(Supplied material Opens)
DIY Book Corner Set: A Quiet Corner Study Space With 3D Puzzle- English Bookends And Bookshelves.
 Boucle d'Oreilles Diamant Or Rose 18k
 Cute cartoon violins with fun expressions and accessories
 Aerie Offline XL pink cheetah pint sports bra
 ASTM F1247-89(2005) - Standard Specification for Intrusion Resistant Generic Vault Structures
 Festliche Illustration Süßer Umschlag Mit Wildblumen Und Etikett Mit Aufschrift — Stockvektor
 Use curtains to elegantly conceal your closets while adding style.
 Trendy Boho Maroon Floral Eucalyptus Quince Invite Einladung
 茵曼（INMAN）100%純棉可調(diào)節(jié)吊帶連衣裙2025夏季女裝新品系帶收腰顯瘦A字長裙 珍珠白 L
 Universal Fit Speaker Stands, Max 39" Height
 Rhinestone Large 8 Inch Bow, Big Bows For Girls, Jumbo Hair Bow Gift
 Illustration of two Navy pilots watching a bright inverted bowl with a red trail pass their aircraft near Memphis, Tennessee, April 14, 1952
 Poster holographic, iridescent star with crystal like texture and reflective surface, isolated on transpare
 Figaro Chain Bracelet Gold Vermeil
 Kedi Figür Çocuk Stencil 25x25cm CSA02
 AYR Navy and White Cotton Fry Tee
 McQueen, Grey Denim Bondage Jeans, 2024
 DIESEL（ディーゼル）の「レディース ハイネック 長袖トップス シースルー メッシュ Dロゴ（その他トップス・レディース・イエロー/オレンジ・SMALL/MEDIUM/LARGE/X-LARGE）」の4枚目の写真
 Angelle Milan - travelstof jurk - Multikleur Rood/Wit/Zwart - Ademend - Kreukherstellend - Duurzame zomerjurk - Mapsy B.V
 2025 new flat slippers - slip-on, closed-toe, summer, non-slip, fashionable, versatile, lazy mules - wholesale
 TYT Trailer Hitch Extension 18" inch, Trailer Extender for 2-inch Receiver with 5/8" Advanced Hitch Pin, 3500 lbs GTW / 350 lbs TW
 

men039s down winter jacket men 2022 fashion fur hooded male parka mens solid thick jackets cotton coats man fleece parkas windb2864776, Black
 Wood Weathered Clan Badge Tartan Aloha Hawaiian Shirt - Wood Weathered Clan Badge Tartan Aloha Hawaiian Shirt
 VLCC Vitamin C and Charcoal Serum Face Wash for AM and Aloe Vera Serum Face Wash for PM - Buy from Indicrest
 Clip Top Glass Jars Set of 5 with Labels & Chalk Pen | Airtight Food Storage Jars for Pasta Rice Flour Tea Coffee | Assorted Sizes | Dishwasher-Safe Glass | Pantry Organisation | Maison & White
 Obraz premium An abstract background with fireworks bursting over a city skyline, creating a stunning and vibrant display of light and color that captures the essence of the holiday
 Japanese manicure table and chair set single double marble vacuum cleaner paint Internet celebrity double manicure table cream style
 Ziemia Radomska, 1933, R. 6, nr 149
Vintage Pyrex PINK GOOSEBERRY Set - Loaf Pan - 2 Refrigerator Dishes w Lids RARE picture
(Supplied material Closes)
Task> Out of the entries above, write out only the lines between the line holding "Poster holographic, iridescent" and the line holding "McQueen, Grey Denim Bondage Jeans, 2024", inclusive, each exactly as given.

Finished task>
 Poster holographic, iridescent star with crystal like texture and reflective surface, isolated on transpare
 Figaro Chain Bracelet Gold Vermeil
 Kedi Figür Çocuk Stencil 25x25cm CSA02
 AYR Navy and White Cotton Fry Tee
 McQueen, Grey Denim Bondage Jeans, 2024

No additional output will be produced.